# Assignment:
Below are the records; they must be reproduced verbatim.

=======

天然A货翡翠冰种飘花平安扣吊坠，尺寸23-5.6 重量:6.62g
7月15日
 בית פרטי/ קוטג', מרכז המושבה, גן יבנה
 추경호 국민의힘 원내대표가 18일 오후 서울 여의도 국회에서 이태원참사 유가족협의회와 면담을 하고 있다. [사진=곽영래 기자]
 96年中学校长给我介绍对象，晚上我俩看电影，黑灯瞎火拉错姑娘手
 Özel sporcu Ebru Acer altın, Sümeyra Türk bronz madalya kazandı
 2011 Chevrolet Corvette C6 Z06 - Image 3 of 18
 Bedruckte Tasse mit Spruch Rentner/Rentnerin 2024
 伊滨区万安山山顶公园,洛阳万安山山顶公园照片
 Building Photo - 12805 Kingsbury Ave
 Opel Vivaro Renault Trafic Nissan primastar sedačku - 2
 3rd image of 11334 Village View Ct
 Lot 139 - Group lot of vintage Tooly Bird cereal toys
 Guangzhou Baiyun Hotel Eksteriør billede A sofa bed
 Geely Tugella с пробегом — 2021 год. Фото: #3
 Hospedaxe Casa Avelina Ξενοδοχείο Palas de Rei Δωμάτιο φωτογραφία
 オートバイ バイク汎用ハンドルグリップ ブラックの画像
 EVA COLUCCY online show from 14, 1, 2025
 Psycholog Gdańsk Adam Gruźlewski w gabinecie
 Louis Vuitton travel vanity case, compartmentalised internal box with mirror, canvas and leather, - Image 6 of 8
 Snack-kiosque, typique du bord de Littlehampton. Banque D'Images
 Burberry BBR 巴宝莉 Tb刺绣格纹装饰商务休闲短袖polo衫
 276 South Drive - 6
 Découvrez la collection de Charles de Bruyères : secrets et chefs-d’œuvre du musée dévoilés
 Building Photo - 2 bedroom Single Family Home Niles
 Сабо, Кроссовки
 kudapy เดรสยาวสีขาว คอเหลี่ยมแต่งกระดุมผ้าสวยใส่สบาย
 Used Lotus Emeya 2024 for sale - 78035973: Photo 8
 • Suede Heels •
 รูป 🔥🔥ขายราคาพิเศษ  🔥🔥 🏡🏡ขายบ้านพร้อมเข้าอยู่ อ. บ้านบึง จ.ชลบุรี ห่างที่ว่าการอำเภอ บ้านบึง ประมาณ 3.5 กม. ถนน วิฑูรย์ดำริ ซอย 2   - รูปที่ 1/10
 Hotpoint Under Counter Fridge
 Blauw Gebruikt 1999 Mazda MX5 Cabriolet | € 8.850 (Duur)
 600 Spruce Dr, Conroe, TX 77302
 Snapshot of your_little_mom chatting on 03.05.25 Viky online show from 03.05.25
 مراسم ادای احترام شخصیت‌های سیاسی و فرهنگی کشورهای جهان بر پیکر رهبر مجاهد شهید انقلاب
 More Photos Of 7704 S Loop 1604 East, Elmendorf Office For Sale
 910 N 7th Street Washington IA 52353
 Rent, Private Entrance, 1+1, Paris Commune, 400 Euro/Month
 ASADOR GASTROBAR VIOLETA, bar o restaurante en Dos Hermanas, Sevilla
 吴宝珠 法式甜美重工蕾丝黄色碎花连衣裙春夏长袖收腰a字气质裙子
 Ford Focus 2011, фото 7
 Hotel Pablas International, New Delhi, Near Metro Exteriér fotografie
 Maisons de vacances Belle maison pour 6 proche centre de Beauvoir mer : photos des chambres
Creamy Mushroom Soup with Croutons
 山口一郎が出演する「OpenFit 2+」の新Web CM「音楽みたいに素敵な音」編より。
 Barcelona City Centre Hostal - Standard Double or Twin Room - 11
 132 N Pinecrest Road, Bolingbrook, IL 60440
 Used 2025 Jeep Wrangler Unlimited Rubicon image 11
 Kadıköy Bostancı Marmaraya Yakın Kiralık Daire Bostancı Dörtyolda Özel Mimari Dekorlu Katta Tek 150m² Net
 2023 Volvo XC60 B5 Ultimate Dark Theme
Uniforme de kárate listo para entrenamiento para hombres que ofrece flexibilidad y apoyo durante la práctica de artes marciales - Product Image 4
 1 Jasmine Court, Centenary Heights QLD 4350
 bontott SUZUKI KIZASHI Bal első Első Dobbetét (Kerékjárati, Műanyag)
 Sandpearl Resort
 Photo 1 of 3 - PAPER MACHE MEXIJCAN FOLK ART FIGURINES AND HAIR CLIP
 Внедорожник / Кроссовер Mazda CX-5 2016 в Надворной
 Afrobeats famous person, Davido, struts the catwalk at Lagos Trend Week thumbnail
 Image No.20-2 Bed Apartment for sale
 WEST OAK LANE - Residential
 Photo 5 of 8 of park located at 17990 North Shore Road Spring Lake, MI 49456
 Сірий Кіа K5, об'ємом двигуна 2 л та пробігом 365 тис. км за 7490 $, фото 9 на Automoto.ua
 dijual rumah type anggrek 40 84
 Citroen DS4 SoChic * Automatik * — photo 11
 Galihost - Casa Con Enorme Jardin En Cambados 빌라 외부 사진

=======

# Result below:
天然A货翡翠冰种飘花平安扣吊坠，尺寸23-5.6 重量:6.62g
7月15日
 בית פרטי/ קוטג', מרכז המושבה, גן יבנה
 추경호 국민의힘 원내대표가 18일 오후 서울 여의도 국회에서 이태원참사 유가족협의회와 면담을 하고 있다. [사진=곽영래 기자]
 96年中学校长给我介绍对象，晚上我俩看电影，黑灯瞎火拉错姑娘手
 Özel sporcu Ebru Acer altın, Sümeyra Türk bronz madalya kazandı
 2011 Chevrolet Corvette C6 Z06 - Image 3 of 18
 Bedruckte Tasse mit Spruch Rentner/Rentnerin 2024
 伊滨区万安山山顶公园,洛阳万安山山顶公园照片
 Building Photo - 12805 Kingsbury Ave
 Opel Vivaro Renault Trafic Nissan primastar sedačku - 2
 3rd image of 11334 Village View Ct
 Lot 139 - Group lot of vintage Tooly Bird cereal toys
 Guangzhou Baiyun Hotel Eksteriør billede A sofa bed
 Geely Tugella с пробегом — 2021 год. Фото: #3
 Hospedaxe Casa Avelina Ξενοδοχείο Palas de Rei Δωμάτιο φωτογραφία
 オートバイ バイク汎用ハンドルグリップ ブラックの画像
 EVA COLUCCY online show from 14, 1, 2025
 Psycholog Gdańsk Adam Gruźlewski w gabinecie
 Louis Vuitton travel vanity case, compartmentalised internal box with mirror, canvas and leather, - Image 6 of 8
 Snack-kiosque, typique du bord de Littlehampton. Banque D'Images
 Burberry BBR 巴宝莉 Tb刺绣格纹装饰商务休闲短袖polo衫
 276 South Drive - 6
 Découvrez la collection de Charles de Bruyères : secrets et chefs-d’œuvre du musée dévoilés
 Building Photo - 2 bedroom Single Family Home Niles
 Сабо, Кроссовки
 kudapy เดรสยาวสีขาว คอเหลี่ยมแต่งกระดุมผ้าสวยใส่สบาย
 Used Lotus Emeya 2024 for sale - 78035973: Photo 8
 • Suede Heels •
 รูป 🔥🔥ขายราคาพิเศษ  🔥🔥 🏡🏡ขายบ้านพร้อมเข้าอยู่ อ. บ้านบึง จ.ชลบุรี ห่างที่ว่าการอำเภอ บ้านบึง ประมาณ 3.5 กม. ถนน วิฑูรย์ดำริ ซอย 2   - รูปที่ 1/10
 Hotpoint Under Counter Fridge
 Blauw Gebruikt 1999 Mazda MX5 Cabriolet | € 8.850 (Duur)
 600 Spruce Dr, Conroe, TX 77302
 Snapshot of your_little_mom chatting on 03.05.25 Viky online show from 03.05.25
 مراسم ادای احترام شخصیت‌های سیاسی و فرهنگی کشورهای جهان بر پیکر رهبر مجاهد شهید انقلاب
 More Photos Of 7704 S Loop 1604 East, Elmendorf Office For Sale
 910 N 7th Street Washington IA 52353
 Rent, Private Entrance, 1+1, Paris Commune, 400 Euro/Month
 ASADOR GASTROBAR VIOLETA, bar o restaurante en Dos Hermanas, Sevilla
 吴宝珠 法式甜美重工蕾丝黄色碎花连衣裙春夏长袖收腰a字气质裙子
 Ford Focus 2011, фото 7
 Hotel Pablas International, New Delhi, Near Metro Exteriér fotografie
 Maisons de vacances Belle maison pour 6 proche centre de Beauvoir mer : photos des chambres
Creamy Mushroom Soup with Croutons
 山口一郎が出演する「OpenFit 2+」の新Web CM「音楽みたいに素敵な音」編より。
 Barcelona City Centre Hostal - Standard Double or Twin Room - 11
 132 N Pinecrest Road, Bolingbrook, IL 60440
 Used 2025 Jeep Wrangler Unlimited Rubicon image 11
 Kadıköy Bostancı Marmaraya Yakın Kiralık Daire Bostancı Dörtyolda Özel Mimari Dekorlu Katta Tek 150m² Net
 2023 Volvo XC60 B5 Ultimate Dark Theme
Uniforme de kárate listo para entrenamiento para hombres que ofrece flexibilidad y apoyo durante la práctica de artes marciales - Product Image 4
 1 Jasmine Court, Centenary Heights QLD 4350
 bontott SUZUKI KIZASHI Bal első Első Dobbetét (Kerékjárati, Műanyag)
 Sandpearl Resort
 Photo 1 of 3 - PAPER MACHE MEXIJCAN FOLK ART FIGURINES AND HAIR CLIP
 Внедорожник / Кроссовер Mazda CX-5 2016 в Надворной
 Afrobeats famous person, Davido, struts the catwalk at Lagos Trend Week thumbnail
 Image No.20-2 Bed Apartment for sale
 WEST OAK LANE - Residential
 Photo 5 of 8 of park located at 17990 North Shore Road Spring Lake, MI 49456
 Сірий Кіа K5, об'ємом двигуна 2 л та пробігом 365 тис. км за 7490 $, фото 9 на Automoto.ua
 dijual rumah type anggrek 40 84
 Citroen DS4 SoChic * Automatik * — photo 11
 Galihost - Casa Con Enorme Jardin En Cambados 빌라 외부 사진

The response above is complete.